- **Aim of the exercise**: Please transcribe the listing in its entirety, character for character.

+++

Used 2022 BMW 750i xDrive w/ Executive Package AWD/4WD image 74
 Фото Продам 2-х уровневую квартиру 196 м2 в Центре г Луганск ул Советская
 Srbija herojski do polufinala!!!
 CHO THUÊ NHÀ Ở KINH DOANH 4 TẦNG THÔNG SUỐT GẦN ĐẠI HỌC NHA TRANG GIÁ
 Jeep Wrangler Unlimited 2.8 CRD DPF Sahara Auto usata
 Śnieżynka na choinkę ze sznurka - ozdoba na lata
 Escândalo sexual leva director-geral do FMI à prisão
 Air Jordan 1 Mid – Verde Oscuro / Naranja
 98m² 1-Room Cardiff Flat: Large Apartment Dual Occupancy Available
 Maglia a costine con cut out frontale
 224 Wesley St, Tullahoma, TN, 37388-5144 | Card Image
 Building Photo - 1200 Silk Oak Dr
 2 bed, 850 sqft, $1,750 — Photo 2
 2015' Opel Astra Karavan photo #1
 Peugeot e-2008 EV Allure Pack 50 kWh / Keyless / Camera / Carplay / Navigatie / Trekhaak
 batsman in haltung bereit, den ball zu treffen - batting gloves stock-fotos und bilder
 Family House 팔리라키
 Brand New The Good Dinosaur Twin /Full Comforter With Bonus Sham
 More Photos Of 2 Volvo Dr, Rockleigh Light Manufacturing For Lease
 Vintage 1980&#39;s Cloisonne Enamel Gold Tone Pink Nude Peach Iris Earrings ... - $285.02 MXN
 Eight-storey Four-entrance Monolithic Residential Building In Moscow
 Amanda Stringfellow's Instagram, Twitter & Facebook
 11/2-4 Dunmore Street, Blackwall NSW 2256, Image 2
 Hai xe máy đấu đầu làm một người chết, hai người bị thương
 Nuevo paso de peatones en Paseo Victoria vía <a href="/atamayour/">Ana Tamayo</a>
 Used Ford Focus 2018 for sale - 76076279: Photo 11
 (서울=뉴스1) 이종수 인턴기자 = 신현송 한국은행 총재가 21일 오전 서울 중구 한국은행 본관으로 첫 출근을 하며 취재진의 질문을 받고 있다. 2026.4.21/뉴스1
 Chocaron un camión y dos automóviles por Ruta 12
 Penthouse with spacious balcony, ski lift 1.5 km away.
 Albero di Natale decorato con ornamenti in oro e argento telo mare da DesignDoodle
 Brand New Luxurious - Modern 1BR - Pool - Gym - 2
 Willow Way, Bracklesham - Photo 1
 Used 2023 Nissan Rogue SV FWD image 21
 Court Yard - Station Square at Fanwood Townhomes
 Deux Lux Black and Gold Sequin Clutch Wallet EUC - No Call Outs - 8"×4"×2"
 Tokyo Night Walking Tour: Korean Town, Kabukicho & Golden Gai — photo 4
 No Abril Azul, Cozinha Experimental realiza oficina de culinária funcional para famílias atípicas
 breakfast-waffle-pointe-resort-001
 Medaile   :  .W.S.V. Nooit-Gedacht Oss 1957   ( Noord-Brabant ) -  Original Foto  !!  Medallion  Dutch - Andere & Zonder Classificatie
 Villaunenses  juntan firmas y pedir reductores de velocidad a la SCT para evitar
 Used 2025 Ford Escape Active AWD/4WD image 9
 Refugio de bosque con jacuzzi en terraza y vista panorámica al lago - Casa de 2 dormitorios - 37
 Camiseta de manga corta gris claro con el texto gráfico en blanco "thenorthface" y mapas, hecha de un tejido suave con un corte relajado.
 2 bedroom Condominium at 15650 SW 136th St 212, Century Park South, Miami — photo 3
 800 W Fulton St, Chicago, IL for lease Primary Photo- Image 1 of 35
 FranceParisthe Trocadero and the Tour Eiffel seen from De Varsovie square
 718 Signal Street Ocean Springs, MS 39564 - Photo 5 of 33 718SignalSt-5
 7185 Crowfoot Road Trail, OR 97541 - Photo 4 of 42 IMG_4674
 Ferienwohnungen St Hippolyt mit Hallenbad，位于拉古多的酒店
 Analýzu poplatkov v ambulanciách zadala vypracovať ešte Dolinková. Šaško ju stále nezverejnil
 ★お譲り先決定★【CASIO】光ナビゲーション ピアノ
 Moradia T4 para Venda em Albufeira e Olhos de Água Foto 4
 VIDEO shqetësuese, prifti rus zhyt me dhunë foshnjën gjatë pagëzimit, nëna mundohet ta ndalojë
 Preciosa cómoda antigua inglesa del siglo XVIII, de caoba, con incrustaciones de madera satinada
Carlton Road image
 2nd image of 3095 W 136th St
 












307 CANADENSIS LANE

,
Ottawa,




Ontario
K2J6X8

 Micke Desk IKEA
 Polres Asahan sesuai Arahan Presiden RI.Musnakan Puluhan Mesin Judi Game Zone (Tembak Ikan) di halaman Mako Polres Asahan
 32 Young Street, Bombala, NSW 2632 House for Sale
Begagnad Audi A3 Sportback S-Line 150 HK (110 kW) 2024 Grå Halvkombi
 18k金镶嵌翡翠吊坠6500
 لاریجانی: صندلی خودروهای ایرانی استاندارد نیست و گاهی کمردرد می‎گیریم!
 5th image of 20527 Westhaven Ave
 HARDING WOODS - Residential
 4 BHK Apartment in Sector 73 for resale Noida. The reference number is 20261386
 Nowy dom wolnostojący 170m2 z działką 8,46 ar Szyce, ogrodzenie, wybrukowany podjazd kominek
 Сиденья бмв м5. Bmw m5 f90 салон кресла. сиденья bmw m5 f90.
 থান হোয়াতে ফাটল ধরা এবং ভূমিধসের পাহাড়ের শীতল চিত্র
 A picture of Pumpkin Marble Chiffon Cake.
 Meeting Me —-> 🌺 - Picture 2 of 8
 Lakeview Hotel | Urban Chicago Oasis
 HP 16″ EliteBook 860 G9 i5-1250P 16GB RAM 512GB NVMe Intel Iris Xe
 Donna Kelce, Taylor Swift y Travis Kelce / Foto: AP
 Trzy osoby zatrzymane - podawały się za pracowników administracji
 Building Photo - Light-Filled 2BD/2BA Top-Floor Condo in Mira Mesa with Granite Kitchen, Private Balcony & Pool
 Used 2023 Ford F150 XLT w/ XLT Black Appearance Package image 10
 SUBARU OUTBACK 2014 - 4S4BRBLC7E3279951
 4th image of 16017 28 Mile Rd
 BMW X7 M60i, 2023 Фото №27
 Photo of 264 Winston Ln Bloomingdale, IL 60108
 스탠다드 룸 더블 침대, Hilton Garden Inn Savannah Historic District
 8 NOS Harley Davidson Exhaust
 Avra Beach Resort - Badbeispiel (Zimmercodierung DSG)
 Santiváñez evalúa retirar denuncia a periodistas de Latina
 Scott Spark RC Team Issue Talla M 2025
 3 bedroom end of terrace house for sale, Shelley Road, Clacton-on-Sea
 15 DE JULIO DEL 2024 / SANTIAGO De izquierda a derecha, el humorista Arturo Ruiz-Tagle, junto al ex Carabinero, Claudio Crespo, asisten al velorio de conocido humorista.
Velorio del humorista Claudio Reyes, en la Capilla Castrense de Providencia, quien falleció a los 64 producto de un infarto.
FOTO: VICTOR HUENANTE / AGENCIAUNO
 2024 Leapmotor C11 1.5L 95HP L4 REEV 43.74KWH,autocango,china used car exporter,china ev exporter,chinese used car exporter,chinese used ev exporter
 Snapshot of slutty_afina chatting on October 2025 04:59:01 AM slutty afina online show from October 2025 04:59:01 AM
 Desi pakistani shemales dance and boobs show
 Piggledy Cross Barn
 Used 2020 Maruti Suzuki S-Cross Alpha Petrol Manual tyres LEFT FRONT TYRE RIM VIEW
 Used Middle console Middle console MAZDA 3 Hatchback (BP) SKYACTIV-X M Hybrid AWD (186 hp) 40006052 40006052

+++

- **Exercise result**:
Used 2022 BMW 750i xDrive w/ Executive Package AWD/4WD image 74
 Фото Продам 2-х уровневую квартиру 196 м2 в Центре г Луганск ул Советская
 Srbija herojski do polufinala!!!
 CHO THUÊ NHÀ Ở KINH DOANH 4 TẦNG THÔNG SUỐT GẦN ĐẠI HỌC NHA TRANG GIÁ
 Jeep Wrangler Unlimited 2.8 CRD DPF Sahara Auto usata
 Śnieżynka na choinkę ze sznurka - ozdoba na lata
 Escândalo sexual leva director-geral do FMI à prisão
 Air Jordan 1 Mid – Verde Oscuro / Naranja
 98m² 1-Room Cardiff Flat: Large Apartment Dual Occupancy Available
 Maglia a costine con cut out frontale
 224 Wesley St, Tullahoma, TN, 37388-5144 | Card Image
 Building Photo - 1200 Silk Oak Dr
 2 bed, 850 sqft, $1,750 — Photo 2
 2015' Opel Astra Karavan photo #1
 Peugeot e-2008 EV Allure Pack 50 kWh / Keyless / Camera / Carplay / Navigatie / Trekhaak
 batsman in haltung bereit, den ball zu treffen - batting gloves stock-fotos und bilder
 Family House 팔리라키
 Brand New The Good Dinosaur Twin /Full Comforter With Bonus Sham
 More Photos Of 2 Volvo Dr, Rockleigh Light Manufacturing For Lease
 Vintage 1980&#39;s Cloisonne Enamel Gold Tone Pink Nude Peach Iris Earrings ... - $285.02 MXN
 Eight-storey Four-entrance Monolithic Residential Building In Moscow
 Amanda Stringfellow's Instagram, Twitter & Facebook
 11/2-4 Dunmore Street, Blackwall NSW 2256, Image 2
 Hai xe máy đấu đầu làm một người chết, hai người bị thương
 Nuevo paso de peatones en Paseo Victoria vía <a href="/atamayour/">Ana Tamayo</a>
 Used Ford Focus 2018 for sale - 76076279: Photo 11
 (서울=뉴스1) 이종수 인턴기자 = 신현송 한국은행 총재가 21일 오전 서울 중구 한국은행 본관으로 첫 출근을 하며 취재진의 질문을 받고 있다. 2026.4.21/뉴스1
 Chocaron un camión y dos automóviles por Ruta 12
 Penthouse with spacious balcony, ski lift 1.5 km away.
 Albero di Natale decorato con ornamenti in oro e argento telo mare da DesignDoodle
 Brand New Luxurious - Modern 1BR - Pool - Gym - 2
 Willow Way, Bracklesham - Photo 1
 Used 2023 Nissan Rogue SV FWD image 21
 Court Yard - Station Square at Fanwood Townhomes
 Deux Lux Black and Gold Sequin Clutch Wallet EUC - No Call Outs - 8"×4"×2"
 Tokyo Night Walking Tour: Korean Town, Kabukicho & Golden Gai — photo 4
 No Abril Azul, Cozinha Experimental realiza oficina de culinária funcional para famílias atípicas
 breakfast-waffle-pointe-resort-001
 Medaile   :  .W.S.V. Nooit-Gedacht Oss 1957   ( Noord-Brabant ) -  Original Foto  !!  Medallion  Dutch - Andere & Zonder Classificatie
 Villaunenses  juntan firmas y pedir reductores de velocidad a la SCT para evitar
 Used 2025 Ford Escape Active AWD/4WD image 9
 Refugio de bosque con jacuzzi en terraza y vista panorámica al lago - Casa de 2 dormitorios - 37
 Camiseta de manga corta gris claro con el texto gráfico en blanco "thenorthface" y mapas, hecha de un tejido suave con un corte relajado.
 2 bedroom Condominium at 15650 SW 136th St 212, Century Park South, Miami — photo 3
 800 W Fulton St, Chicago, IL for lease Primary Photo- Image 1 of 35
 FranceParisthe Trocadero and the Tour Eiffel seen from De Varsovie square
 718 Signal Street Ocean Springs, MS 39564 - Photo 5 of 33 718SignalSt-5
 7185 Crowfoot Road Trail, OR 97541 - Photo 4 of 42 IMG_4674
 Ferienwohnungen St Hippolyt mit Hallenbad，位于拉古多的酒店
 Analýzu poplatkov v ambulanciách zadala vypracovať ešte Dolinková. Šaško ju stále nezverejnil
 ★お譲り先決定★【CASIO】光ナビゲーション ピアノ
 Moradia T4 para Venda em Albufeira e Olhos de Água Foto 4
 VIDEO shqetësuese, prifti rus zhyt me dhunë foshnjën gjatë pagëzimit, nëna mundohet ta ndalojë
 Preciosa cómoda antigua inglesa del siglo XVIII, de caoba, con incrustaciones de madera satinada
Carlton Road image
 2nd image of 3095 W 136th St
 












307 CANADENSIS LANE

,
Ottawa,




Ontario
K2J6X8

 Micke Desk IKEA
 Polres Asahan sesuai Arahan Presiden RI.Musnakan Puluhan Mesin Judi Game Zone (Tembak Ikan) di halaman Mako Polres Asahan
 32 Young Street, Bombala, NSW 2632 House for Sale
Begagnad Audi A3 Sportback S-Line 150 HK (110 kW) 2024 Grå Halvkombi
 18k金镶嵌翡翠吊坠6500
 لاریجانی: صندلی خودروهای ایرانی استاندارد نیست و گاهی کمردرد می‎گیریم!
 5th image of 20527 Westhaven Ave
 HARDING WOODS - Residential
 4 BHK Apartment in Sector 73 for resale Noida. The reference number is 20261386
 Nowy dom wolnostojący 170m2 z działką 8,46 ar Szyce, ogrodzenie, wybrukowany podjazd kominek
 Сиденья бмв м5. Bmw m5 f90 салон кресла. сиденья bmw m5 f90.
 থান হোয়াতে ফাটল ধরা এবং ভূমিধসের পাহাড়ের শীতল চিত্র
 A picture of Pumpkin Marble Chiffon Cake.
 Meeting Me —-> 🌺 - Picture 2 of 8
 Lakeview Hotel | Urban Chicago Oasis
 HP 16″ EliteBook 860 G9 i5-1250P 16GB RAM 512GB NVMe Intel Iris Xe
 Donna Kelce, Taylor Swift y Travis Kelce / Foto: AP
 Trzy osoby zatrzymane - podawały się za pracowników administracji
 Building Photo - Light-Filled 2BD/2BA Top-Floor Condo in Mira Mesa with Granite Kitchen, Private Balcony & Pool
 Used 2023 Ford F150 XLT w/ XLT Black Appearance Package image 10
 SUBARU OUTBACK 2014 - 4S4BRBLC7E3279951
 4th image of 16017 28 Mile Rd
 BMW X7 M60i, 2023 Фото №27
 Photo of 264 Winston Ln Bloomingdale, IL 60108
 스탠다드 룸 더블 침대, Hilton Garden Inn Savannah Historic District
 8 NOS Harley Davidson Exhaust
 Avra Beach Resort - Badbeispiel (Zimmercodierung DSG)
 Santiváñez evalúa retirar denuncia a periodistas de Latina
 Scott Spark RC Team Issue Talla M 2025
 3 bedroom end of terrace house for sale, Shelley Road, Clacton-on-Sea
 15 DE JULIO DEL 2024 / SANTIAGO De izquierda a derecha, el humorista Arturo Ruiz-Tagle, junto al ex Carabinero, Claudio Crespo, asisten al velorio de conocido humorista.
Velorio del humorista Claudio Reyes, en la Capilla Castrense de Providencia, quien falleció a los 64 producto de un infarto.
FOTO: VICTOR HUENANTE / AGENCIAUNO
 2024 Leapmotor C11 1.5L 95HP L4 REEV 43.74KWH,autocango,china used car exporter,china ev exporter,chinese used car exporter,chinese used ev exporter
 Snapshot of slutty_afina chatting on October 2025 04:59:01 AM slutty afina online show from October 2025 04:59:01 AM
 Desi pakistani shemales dance and boobs show
 Piggledy Cross Barn
 Used 2020 Maruti Suzuki S-Cross Alpha Petrol Manual tyres LEFT FRONT TYRE RIM VIEW
 Used Middle console Middle console MAZDA 3 Hatchback (BP) SKYACTIV-X M Hybrid AWD (186 hp) 40006052 40006052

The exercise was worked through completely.